[The task]: Would you transcribe the line containing "Study for the" and every line after it, through the end of the records below, exactly and with nothing else?

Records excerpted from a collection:
┄┄┄┄┄┄

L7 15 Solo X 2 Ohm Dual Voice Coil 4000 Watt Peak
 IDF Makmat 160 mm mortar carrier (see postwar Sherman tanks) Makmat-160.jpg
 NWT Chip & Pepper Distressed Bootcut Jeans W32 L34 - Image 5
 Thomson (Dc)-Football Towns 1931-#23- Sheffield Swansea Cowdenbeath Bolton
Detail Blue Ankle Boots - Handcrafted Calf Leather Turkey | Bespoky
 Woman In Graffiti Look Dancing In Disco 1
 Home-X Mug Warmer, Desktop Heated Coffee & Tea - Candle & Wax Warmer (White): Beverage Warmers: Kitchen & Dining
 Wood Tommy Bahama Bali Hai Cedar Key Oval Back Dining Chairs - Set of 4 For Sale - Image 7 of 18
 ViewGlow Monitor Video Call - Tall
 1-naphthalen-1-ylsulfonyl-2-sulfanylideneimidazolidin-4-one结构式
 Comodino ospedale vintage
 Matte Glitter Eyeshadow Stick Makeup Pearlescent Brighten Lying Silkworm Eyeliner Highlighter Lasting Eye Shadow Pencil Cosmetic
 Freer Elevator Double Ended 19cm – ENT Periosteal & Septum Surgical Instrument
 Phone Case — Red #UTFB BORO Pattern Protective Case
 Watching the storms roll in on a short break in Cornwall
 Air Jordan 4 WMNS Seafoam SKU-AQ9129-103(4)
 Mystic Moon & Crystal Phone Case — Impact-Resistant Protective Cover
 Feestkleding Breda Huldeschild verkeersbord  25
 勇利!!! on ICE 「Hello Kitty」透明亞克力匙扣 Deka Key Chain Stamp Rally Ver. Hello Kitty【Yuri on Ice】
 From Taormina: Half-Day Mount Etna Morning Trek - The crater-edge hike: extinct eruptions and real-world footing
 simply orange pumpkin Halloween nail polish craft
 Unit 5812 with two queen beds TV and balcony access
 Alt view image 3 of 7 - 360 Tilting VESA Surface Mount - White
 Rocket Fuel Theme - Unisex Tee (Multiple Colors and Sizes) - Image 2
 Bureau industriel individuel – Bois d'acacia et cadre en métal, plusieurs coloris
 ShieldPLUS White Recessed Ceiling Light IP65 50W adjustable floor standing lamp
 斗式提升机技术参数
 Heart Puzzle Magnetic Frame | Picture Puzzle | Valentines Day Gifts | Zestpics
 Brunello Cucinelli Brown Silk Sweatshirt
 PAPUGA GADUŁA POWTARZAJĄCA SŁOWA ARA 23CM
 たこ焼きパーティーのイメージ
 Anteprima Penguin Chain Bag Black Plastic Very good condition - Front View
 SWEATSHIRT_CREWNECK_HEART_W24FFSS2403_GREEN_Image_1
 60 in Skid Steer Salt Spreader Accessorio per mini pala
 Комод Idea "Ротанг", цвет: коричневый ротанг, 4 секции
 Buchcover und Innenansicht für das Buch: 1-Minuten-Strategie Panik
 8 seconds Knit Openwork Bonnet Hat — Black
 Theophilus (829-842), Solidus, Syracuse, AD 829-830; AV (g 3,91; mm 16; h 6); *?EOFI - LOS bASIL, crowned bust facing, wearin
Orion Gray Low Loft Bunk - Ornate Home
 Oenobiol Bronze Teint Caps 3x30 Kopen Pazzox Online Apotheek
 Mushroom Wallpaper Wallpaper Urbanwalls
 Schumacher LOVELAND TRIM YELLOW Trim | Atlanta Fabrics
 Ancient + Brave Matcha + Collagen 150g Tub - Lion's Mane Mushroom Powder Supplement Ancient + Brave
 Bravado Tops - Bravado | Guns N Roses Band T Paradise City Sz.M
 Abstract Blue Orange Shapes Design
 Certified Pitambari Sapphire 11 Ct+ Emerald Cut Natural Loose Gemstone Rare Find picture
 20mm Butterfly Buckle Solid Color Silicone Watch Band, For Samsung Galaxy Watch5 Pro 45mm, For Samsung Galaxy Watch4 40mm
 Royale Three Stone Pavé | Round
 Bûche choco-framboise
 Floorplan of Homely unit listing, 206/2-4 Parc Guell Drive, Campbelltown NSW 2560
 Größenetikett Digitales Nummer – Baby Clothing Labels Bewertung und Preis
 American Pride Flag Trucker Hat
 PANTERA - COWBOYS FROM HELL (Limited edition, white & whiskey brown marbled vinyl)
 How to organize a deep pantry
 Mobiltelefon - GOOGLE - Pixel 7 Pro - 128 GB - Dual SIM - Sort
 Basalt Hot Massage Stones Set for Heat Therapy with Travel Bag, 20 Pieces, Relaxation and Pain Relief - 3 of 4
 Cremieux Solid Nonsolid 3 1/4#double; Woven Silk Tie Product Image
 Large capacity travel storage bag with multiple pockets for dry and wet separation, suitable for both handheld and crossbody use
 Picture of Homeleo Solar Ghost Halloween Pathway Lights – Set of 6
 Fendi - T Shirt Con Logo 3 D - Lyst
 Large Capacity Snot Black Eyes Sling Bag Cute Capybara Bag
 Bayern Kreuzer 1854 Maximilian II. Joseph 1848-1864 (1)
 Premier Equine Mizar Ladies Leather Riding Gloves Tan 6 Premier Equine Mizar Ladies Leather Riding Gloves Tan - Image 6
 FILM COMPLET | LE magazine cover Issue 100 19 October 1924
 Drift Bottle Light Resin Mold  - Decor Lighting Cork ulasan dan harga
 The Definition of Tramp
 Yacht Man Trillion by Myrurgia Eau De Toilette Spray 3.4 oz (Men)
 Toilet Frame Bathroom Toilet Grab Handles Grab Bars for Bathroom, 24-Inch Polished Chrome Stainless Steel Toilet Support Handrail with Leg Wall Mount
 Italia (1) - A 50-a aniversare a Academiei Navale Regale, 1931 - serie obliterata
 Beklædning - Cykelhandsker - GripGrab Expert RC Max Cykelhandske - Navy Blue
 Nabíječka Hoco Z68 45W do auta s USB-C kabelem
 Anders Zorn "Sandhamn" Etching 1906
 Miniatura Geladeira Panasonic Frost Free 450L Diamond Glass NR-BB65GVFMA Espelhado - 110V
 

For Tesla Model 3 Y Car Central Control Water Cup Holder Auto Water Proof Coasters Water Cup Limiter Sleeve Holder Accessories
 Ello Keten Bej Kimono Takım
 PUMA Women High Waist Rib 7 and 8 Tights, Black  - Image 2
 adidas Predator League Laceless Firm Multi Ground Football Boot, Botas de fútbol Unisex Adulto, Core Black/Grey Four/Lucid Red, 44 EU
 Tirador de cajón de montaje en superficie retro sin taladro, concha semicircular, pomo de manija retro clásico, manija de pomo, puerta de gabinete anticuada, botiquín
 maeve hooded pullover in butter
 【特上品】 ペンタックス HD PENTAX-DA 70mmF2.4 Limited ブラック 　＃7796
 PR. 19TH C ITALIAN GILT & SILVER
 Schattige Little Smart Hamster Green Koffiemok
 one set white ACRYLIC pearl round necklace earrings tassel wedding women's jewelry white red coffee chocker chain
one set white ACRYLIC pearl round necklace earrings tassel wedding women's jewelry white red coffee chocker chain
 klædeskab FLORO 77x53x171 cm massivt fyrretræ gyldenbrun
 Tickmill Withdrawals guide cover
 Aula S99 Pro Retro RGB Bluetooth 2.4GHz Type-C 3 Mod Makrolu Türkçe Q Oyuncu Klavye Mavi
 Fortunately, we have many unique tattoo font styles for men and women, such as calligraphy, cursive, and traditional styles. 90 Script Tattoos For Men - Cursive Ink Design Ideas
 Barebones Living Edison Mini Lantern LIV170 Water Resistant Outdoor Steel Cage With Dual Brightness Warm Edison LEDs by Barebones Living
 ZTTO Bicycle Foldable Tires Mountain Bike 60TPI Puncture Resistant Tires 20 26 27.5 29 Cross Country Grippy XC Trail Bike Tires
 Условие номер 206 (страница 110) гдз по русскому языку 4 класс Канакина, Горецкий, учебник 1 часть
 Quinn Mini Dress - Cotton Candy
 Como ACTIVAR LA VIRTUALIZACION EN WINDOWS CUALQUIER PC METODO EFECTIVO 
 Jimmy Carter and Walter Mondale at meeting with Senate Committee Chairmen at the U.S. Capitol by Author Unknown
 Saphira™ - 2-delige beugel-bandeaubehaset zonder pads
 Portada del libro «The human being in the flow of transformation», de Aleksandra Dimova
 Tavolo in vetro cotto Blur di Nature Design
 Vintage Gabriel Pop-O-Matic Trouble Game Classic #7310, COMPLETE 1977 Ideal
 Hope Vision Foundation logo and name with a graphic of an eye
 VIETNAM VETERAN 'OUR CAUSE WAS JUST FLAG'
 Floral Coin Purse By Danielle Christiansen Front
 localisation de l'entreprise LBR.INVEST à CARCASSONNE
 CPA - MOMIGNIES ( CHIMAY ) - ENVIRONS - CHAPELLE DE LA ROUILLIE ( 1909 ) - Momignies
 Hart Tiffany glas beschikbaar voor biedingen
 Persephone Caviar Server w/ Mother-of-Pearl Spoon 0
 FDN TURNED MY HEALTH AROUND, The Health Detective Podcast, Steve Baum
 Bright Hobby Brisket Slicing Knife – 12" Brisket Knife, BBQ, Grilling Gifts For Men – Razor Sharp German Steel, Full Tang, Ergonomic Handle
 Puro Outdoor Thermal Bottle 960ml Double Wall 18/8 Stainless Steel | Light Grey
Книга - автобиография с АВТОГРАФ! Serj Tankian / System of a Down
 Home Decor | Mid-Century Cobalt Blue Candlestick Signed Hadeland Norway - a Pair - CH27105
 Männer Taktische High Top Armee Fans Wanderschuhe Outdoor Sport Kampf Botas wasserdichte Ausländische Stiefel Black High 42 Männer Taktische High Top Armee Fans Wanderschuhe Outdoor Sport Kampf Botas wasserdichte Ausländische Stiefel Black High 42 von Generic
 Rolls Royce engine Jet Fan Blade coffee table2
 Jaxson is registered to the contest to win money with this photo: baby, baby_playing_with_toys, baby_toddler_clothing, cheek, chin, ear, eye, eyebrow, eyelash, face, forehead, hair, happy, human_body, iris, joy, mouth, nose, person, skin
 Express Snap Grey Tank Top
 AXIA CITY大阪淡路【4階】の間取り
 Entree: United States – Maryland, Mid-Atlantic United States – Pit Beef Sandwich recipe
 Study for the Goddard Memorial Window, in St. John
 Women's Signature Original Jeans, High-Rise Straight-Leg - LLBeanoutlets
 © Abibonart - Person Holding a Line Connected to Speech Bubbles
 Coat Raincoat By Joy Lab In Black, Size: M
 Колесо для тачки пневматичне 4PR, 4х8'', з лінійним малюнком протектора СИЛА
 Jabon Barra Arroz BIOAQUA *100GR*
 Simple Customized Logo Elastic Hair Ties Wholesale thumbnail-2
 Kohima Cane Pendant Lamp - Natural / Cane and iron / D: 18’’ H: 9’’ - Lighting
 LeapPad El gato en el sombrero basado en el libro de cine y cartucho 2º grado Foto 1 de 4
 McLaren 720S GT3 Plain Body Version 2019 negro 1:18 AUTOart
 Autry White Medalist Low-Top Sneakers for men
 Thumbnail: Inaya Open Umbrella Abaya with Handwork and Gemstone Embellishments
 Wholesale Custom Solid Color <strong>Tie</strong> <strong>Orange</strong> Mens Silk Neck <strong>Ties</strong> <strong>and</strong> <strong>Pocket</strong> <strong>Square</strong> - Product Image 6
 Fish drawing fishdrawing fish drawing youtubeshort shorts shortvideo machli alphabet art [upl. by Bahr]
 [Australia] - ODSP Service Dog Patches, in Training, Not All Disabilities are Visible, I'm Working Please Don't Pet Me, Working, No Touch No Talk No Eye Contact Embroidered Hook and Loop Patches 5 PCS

┄┄┄┄┄┄

[Exercise output]:
 Study for the Goddard Memorial Window, in St. John
 Women's Signature Original Jeans, High-Rise Straight-Leg - LLBeanoutlets
 © Abibonart - Person Holding a Line Connected to Speech Bubbles
 Coat Raincoat By Joy Lab In Black, Size: M
 Колесо для тачки пневматичне 4PR, 4х8'', з лінійним малюнком протектора СИЛА
 Jabon Barra Arroz BIOAQUA *100GR*
 Simple Customized Logo Elastic Hair Ties Wholesale thumbnail-2
 Kohima Cane Pendant Lamp - Natural / Cane and iron / D: 18’’ H: 9’’ - Lighting
 LeapPad El gato en el sombrero basado en el libro de cine y cartucho 2º grado Foto 1 de 4
 McLaren 720S GT3 Plain Body Version 2019 negro 1:18 AUTOart
 Autry White Medalist Low-Top Sneakers for men
 Thumbnail: Inaya Open Umbrella Abaya with Handwork and Gemstone Embellishments
 Wholesale Custom Solid Color <strong>Tie</strong> <strong>Orange</strong> Mens Silk Neck <strong>Ties</strong> <strong>and</strong> <strong>Pocket</strong> <strong>Square</strong> - Product Image 6
 Fish drawing fishdrawing fish drawing youtubeshort shorts shortvideo machli alphabet art [upl. by Bahr]
 [Australia] - ODSP Service Dog Patches, in Training, Not All Disabilities are Visible, I'm Working Please Don't Pet Me, Working, No Touch No Talk No Eye Contact Embroidered Hook and Loop Patches 5 PCS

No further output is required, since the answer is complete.